Sentiment towards Royal Mail is picking up. Shares in International Distributions Services (IDS), which is made up of Royal Mail and European courier GLS, have risen by more than 10 per cent over the past month, and have made sustained gains since September last year. 

A key piece of good news has come from Ofcom. The communications regulator is now preparing to advise on how the universal service obligation (USO) – which requires Royal Mail to deliver letters six days a week to every address in the UK –  “might need to evolve to more closely meet consumer needs”. It plans to set out its findings later this year. Royal Mail has argued for a five-day requirement. 

Another important boost came from JPMorgan. The bank has upgraded IDS from “neutral” to “overweight” and has increased its price target from 300p to 310p, arguing that the UK business is “at an inflection point, both on revenue and costs”. 

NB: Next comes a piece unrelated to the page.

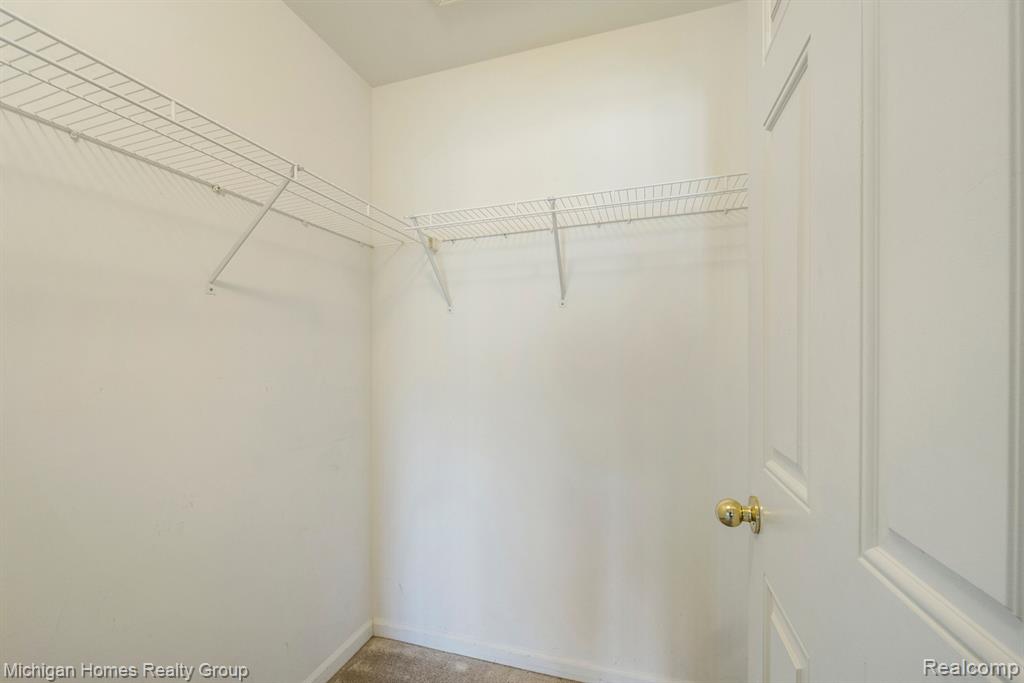 45521 HIDDEN VIEW, Utica, MI 48315 — Photo 18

The regulator’s intervention helped to shape its decision. “We are aware that Ofcom is now consulting on options to change the USO. We expect these changes to… include a move to delivering letters five days per week, compared to the current requirement for six days.” The bank concluded that this would be “very material”. One potential block to this is the government signing off on the change – business and trade minister Kemi Badenoch said this week she didn’t have “any plans to change the USO”, although added she would consider Ofcom’s advice. 

There are other encouraging signs, beyond a potential USO change. The agreement reached with the Communication Workers Union (CWU) in July “gives some stability”, JPMorgan said, and should allow the courier to win back some of the market share it lost during the strikes. 

The bank expects parcel revenues to increase between now and 2025 as customers put off by poor performance in recent years come back, and the recent hike in the price of stamps should also help the top line. This sales growth will be crucial, given Royal Mail’s operationally geared business model. 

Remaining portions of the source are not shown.